The 〈potential-spec〉 element specifies the potential to use for the parfactor. It has the form:
〈potential-type〉 [〈param1〉, …, 〈paramm〉]The 〈potential-type〉 element specifies the type of potential; currently, the only supported type is
MultiArrayPotential
. A potential of the given type will be
constructed with parameters 〈param1〉, …,
〈paramm〉. MultiArrayPotential
expects a single parameter, a row vector with one entry for each assignment
of values to the terms in the parfactor. For instance, in our example
above, we had
MultiArrayPotential[[0.2, 0.8, 0.8, 0.8]]
The outer set of square brackets delimits the list of parameters; the inner
brackets delimit the weight vector itself. The mapping from value
assignments to indices in the vector is lexicographic, with the last
dimension changing fastest. The possible values for each dimension are
ordered as in the guaranteed
statement that introduced them in
the BLOG file; for Boolean values, true
comes
before false
.
The list 〈term1〉, …, 〈termn〉 specifies the terms that the parfactor applies to. Each term must be either a function application or a counting term. The function applications must be non-nested: that is, their arguments must be logical variables or constant symbols, not other function applications. Nested terms are static errors; models which contain them will not compile.
A counting term is expressed in BLOG in with the syntax
#(〈type〉 〈var〉 : 〈constraint〉)[〈term〉]Here, 〈type〉 〈var〉 specifies the logical variable to be counted over, and its type. The constraint is optional; like the constraint on a parfactor, it is a conjunction of inequalities. The 〈term〉 element is the term whose values are being counted; again, the inference code assumes the term is non-nested.
On histogram ordering: As mentioned above, value
assignments map lexicographically onto indices
in MultiArrayPotential
parameter lists. Since counting terms
do not have declarations in the form of guaranteed
statements,
their order deserves special mention. Histograms are ordered so that all
items are initially in the first bucket; they gradually "trickle down" to
subsequent buckets. Buckets within a histogram are in
lexicographic order. For example, when counting over a Boolean
formula F(X)
, where the logical variable X
has
domain size n (i.e., there are n ground symbols of
type X
), histogram (n, 0)
(i.e., all n
values true
) comes first, followed by (n-1,1)
,
etc.
Important note: In order for a counting term to have a well-defined type, its constraint must be in normal form with respect to the constraint on the parfactor where it occurs. That is, if the counting variable x is constrained to be unequal to another variable y, then the excluded set for y in the parfactor's constraint must include all the other terms in x's excluded set. For more on normal form constraints, see the C-FOVE paper.
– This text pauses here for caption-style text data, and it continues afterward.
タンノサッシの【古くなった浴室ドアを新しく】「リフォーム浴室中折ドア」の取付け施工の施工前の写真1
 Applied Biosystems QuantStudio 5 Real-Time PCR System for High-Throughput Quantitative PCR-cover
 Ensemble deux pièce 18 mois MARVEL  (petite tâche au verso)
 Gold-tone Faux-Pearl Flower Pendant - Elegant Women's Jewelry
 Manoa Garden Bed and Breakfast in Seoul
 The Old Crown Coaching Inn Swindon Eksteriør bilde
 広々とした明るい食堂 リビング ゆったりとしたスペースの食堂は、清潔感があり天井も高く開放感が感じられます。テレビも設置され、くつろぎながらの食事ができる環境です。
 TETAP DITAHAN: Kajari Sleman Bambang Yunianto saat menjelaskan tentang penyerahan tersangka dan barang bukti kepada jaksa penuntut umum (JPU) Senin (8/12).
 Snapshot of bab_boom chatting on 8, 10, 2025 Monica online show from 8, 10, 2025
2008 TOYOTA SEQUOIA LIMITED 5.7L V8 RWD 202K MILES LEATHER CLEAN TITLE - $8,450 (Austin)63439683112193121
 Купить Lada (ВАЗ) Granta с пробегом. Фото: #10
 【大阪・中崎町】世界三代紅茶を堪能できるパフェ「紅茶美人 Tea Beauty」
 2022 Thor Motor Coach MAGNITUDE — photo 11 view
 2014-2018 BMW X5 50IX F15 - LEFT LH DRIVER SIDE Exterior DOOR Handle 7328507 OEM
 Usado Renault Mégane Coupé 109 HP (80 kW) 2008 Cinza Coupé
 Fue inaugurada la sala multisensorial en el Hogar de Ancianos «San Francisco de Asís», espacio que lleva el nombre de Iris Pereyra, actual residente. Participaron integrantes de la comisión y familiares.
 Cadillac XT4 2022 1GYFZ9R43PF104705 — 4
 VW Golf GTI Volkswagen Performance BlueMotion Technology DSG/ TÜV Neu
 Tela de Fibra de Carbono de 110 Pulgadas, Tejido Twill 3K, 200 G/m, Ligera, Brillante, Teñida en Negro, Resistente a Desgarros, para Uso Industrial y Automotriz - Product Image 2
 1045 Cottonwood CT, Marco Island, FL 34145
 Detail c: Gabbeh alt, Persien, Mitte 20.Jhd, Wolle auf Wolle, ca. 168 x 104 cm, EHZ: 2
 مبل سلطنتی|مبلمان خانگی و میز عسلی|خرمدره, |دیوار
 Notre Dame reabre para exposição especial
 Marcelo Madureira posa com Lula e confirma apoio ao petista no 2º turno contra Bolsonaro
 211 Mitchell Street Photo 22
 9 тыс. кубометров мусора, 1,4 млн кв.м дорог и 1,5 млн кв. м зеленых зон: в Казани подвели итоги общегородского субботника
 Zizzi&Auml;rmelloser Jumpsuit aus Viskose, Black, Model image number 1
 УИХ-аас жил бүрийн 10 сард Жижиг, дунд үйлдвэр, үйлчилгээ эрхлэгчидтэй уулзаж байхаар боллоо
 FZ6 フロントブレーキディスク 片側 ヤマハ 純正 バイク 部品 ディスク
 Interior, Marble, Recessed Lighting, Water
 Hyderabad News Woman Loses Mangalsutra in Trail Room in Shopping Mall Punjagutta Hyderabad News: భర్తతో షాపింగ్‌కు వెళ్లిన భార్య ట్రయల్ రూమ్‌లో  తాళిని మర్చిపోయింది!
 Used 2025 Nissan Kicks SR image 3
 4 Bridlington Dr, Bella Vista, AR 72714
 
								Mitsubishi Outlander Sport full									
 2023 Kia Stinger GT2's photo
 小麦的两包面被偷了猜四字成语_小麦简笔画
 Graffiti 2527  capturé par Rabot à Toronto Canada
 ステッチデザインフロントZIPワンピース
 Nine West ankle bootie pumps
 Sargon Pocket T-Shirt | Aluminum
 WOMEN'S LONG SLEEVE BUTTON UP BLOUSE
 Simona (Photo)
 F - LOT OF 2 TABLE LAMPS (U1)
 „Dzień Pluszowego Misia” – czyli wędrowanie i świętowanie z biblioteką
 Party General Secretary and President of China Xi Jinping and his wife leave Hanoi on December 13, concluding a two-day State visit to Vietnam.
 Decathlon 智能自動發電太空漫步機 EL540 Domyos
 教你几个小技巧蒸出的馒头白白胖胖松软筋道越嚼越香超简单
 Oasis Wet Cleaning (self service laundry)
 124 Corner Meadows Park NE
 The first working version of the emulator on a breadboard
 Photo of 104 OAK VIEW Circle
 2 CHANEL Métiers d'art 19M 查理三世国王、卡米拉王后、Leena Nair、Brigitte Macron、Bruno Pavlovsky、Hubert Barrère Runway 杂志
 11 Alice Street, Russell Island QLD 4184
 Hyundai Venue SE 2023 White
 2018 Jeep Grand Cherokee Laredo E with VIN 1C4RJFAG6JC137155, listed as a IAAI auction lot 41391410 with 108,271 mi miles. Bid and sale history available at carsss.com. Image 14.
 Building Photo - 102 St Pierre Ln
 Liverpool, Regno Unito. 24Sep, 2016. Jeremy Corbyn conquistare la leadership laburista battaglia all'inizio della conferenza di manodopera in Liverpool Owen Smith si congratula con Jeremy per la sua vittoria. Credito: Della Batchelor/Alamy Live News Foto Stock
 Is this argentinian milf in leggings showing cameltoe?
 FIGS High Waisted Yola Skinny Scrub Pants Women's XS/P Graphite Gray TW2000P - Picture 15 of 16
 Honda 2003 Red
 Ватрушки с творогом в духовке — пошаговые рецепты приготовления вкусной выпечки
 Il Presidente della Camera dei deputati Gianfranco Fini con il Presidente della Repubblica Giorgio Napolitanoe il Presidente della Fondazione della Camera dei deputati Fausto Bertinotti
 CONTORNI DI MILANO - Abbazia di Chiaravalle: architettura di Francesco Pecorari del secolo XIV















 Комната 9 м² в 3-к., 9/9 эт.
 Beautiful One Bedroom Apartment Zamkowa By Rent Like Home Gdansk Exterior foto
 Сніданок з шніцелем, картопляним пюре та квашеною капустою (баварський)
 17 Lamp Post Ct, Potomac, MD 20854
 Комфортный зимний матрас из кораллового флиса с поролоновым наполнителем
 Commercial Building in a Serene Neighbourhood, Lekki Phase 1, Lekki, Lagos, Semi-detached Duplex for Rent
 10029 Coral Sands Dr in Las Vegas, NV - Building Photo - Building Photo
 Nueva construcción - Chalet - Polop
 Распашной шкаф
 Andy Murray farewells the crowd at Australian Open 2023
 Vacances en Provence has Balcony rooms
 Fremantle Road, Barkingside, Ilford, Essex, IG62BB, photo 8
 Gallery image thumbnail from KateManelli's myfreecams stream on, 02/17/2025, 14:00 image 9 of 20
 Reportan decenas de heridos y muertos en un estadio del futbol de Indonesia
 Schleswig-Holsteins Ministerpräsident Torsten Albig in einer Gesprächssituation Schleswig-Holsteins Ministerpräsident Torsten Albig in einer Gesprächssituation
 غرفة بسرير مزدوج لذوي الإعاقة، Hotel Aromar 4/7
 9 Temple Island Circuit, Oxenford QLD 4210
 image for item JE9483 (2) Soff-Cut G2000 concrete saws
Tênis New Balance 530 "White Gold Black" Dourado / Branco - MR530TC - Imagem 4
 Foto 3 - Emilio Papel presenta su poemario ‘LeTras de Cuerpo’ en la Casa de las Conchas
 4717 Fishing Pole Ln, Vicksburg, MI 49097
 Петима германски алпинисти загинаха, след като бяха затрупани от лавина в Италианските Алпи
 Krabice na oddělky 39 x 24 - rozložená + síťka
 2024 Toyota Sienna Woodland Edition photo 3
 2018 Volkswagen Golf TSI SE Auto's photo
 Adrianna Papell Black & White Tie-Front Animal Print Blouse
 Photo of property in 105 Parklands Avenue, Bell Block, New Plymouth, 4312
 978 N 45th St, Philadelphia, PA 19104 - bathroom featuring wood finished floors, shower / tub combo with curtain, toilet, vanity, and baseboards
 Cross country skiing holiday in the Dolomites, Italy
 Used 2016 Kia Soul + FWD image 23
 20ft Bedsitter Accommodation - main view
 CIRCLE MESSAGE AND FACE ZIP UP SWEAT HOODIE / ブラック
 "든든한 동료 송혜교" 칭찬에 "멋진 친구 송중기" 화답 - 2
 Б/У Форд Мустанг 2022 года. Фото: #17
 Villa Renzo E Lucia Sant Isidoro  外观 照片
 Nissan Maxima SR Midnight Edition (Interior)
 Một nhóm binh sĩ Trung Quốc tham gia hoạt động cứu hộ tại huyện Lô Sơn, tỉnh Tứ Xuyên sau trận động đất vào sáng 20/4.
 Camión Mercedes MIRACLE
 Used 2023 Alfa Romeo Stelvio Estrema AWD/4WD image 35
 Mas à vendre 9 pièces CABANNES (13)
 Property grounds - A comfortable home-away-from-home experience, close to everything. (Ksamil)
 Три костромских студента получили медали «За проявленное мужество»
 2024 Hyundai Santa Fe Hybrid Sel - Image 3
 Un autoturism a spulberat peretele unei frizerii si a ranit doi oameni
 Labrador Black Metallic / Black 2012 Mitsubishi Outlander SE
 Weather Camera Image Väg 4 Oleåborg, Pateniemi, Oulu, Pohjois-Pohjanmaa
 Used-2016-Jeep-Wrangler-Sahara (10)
runblog 〈file.blog〉 -e ve.VarElimEngine
This will use the model, evidence, and queries in
〈file.blog〉, and print out the posterior distribution
for each query variable, as well as total inference time, in nanoseconds.
Query variables must be ground; BLOG does not support queries over logical
variables.
BLOG also performs lifted variable elimination; this is equivalent to ground variable elimination but potentially much faster. Again, this algorithm is only applicable to models without unknown objects. To run it, use:
runblog 〈file.blog〉 -e fove.LiftedVarElim
This will print query results and the inference time in nanoseconds.
With both kinds of variable elimination, you can include the -v
flag to run in verbose mode, which prints out the sequence of operations performed.